Welcome to The Bleeding Cool Top 30 TV Series Influencers 2020, a look inside our "crystal ball" as we predict the broadcast, cable, and streaming shows that can and will have a major influence on your viewing habits as we steamroll into 2020 – and beyond.
So for those of you who were with us last year, you'll notice that we made some changes this year – so here's what you need to know:
● With the growing number of streaming services on the horizon and the tidal wave of content across all platforms continuing to grow, we're shifting our focus exclusively to new and returning series/limited series.
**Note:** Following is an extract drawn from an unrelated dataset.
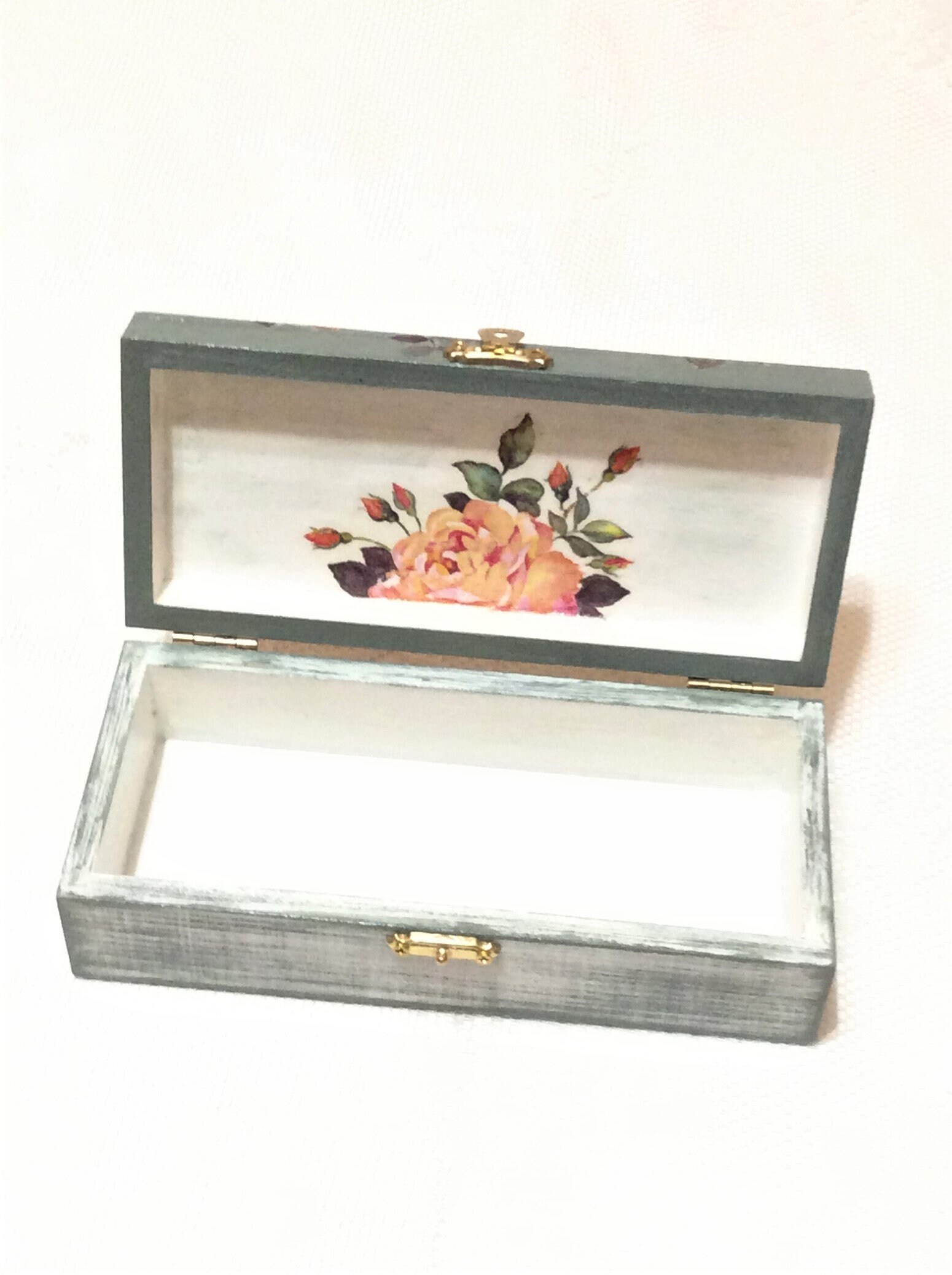 Almacenamiento de madera Decoupage caja hecha a mano joyería | Etsy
● Our 30 selections were based on a year's worth of Bleeding Cool television coverage, third-party coverage, analytics, trends, and raw gut instinct. Our inital list began with nearly 100 new and returning series/limited series, which was nearly halved to 50 before being shaved down to the 30 we're about to present.
● Just to be clear… being a "series influencer" does not necessarily mean that you are the best show or that you are necessarily better than series that didn't make the cut. Along with judging the quality of what we know about a show so far (director, cast, platform, etc.), we're also taking into consideration the impact a show's success (or failure) can have on the proverbial "bigger picture".
So let's keep rolling on with our next five picks (and make sure to catch up on our countdown here)…
#25 – "68 Whiskey" (Paramount)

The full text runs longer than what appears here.